A common schema in XML and TEI is the definition of particular document types. This is a process known as Document Type Definition (DTD). It is a schema that originated with SGML and creates a necessity for internal consistency within a marked up document for it to be ‘well formed’. Some well-formed XML and a valid TEI document are distinct entities, however. The schema adopted by the TEI programme is closer to the International Organisation for Standardisation (ISO) standard of RELAX NG than the XML schema as defined by the W3C and while the TEI guidelines for the creation of suitable elements in a text encoding are remarkably extensive they are also very specific.(5) In total, there are a total of 503 defined elements and 210 attributes, organised into 21 modules, included within the TEI Guidelines. However, this was simplified during 1995 to a ‘TEI Lite’ edition of the full TEI encoding schema and this consists of only 145 elements.
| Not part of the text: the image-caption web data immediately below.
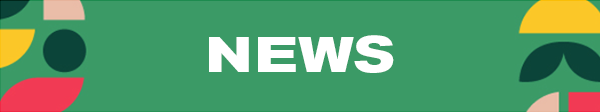 4-H News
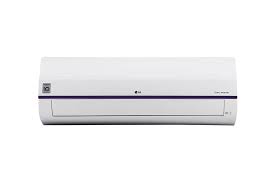 Hitchi Air Conditioners, for Office, Party Hall, Room, Shop, Voltage : 220V, 380V, 440V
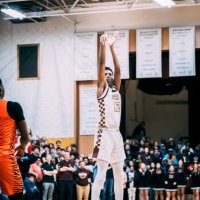Jaytee Smith (@sjatorian) 's Twitter Profile Photo Jaytee Smith (@sjatorian) 's Twitter Profile Photo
TEI Lite has been judged to ‘meet the needs of 90% of the TEI community 90% of the time’.(6)

Although ‘XML exists because HTML was successful’,(7) in contrast to XML, which is usually used to cover the back end process of data management (making it particularly useful for the maintenance of very large websites, such as online archives and commercial ventures), HTML might be described as the markup language that is used for the ‘front page’ presentation of information online. Indeed, the very existence of HTML is fundamentally tied into the development of the Internet as a media or communications tool,(8) which has made an impact on society comparable to that made by the development of mass print journalism in the mid-nineteenth century or the development of television in the mid-twentieth century.(9)
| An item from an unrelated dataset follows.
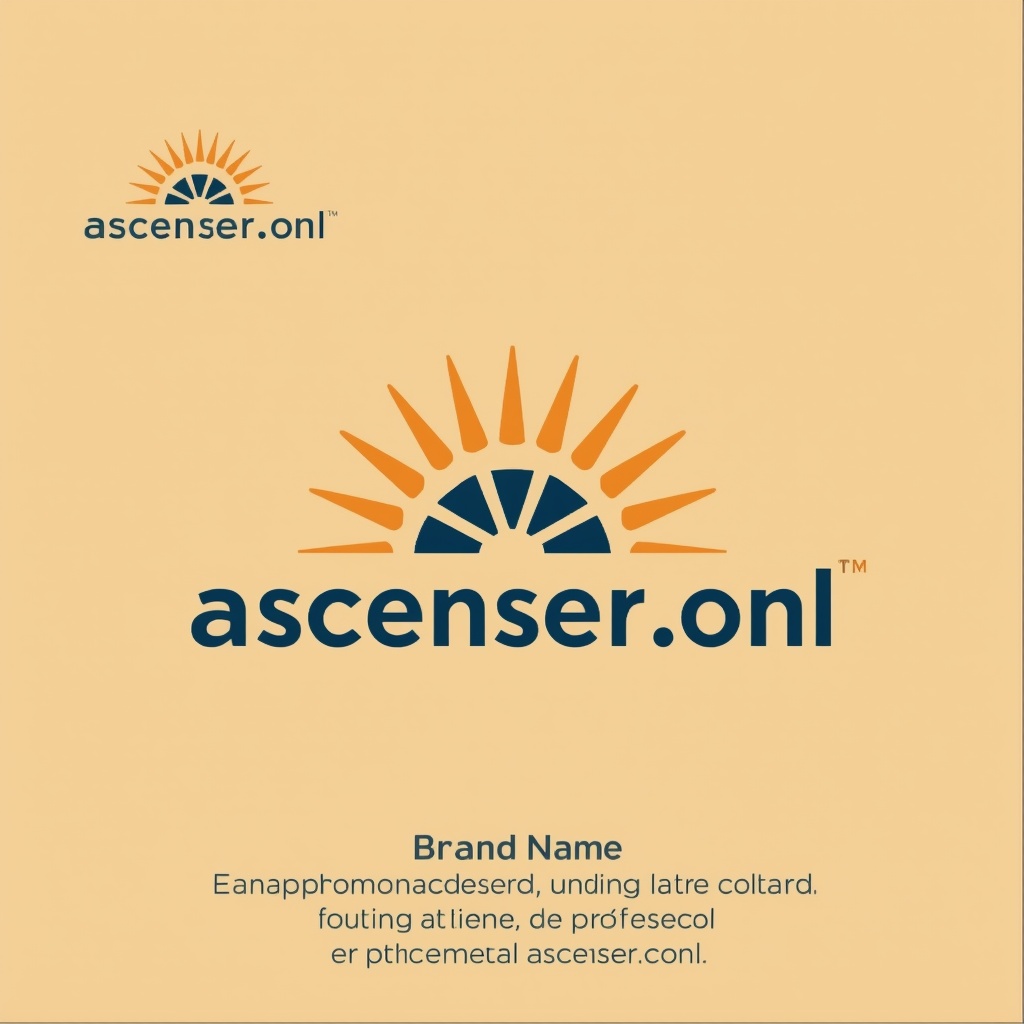 Ascensor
The usage of HTML has transcended two limitations of traditional print media, of being bound by a physical format and the associated costs of production, precisely because a HTML file, or ‘document’, is essentially a computer file that can be viewed remotely using a web browser. The very meaning of the acronym HTML—Hypertext Markup Language—reflects the fact that hypertext is the technology that allows for the creation of links on the web, which could be said to be the most important feature within HTML. It is this process that enables HTML-based projects to facilitate the presentation, or linking, of multimedia content (such as audio and visual content in addition to text) at the one location or to link the locations of various computer files on different servers by means of the use of Uniform Resource Locators (URLs).(10)
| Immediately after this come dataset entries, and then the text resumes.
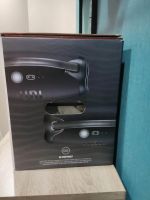Лот: 20826032. Фото: 3. Колонка JBL BoomBox 3 Black Новая... Бытовая техника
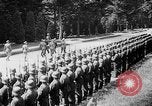 Immagine di Francese - Tedesco Armistizio 1940 Compiegne Compiegne Francia, 1940, secondo 15 filmato di repertorio 65675047351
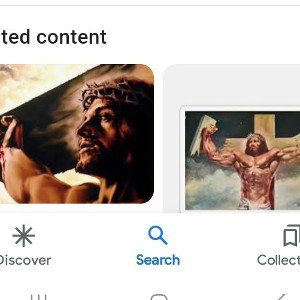 🔥🔥Dear Jesus Humma Truck 🔥🔥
Like many computer files, a HTML file, or ‘document’, is alterable and versatile. It can be combined with other technologies (including Cascading Style Sheets or ‘CSS’) to enhance its own text formatting, or presentation, options. Its functionality can be enhanced by the use of Hypertext Preprocessor (PHP) code, which can turn HTML files, or web pages, into ‘dynamic pages’ that can be processed by means of Relational Database Management Systems (RDBMS), facilitating the creation of ‘big data’ from website content.(11) The possibility of altering HTML files, or ‘web pages’, is what has created the idea of interactive, as opposed to static, websites (a development first nicknamed as ‘Web 2.0’). The options that exist in defining their functionality is also what enables them to be ‘responsive’: they can be designed so as to be represented differently depending on what device on which they are displayed. They can also be made searchable online through embedding ‘meta[data] tags’, or associated keywords, into the documents.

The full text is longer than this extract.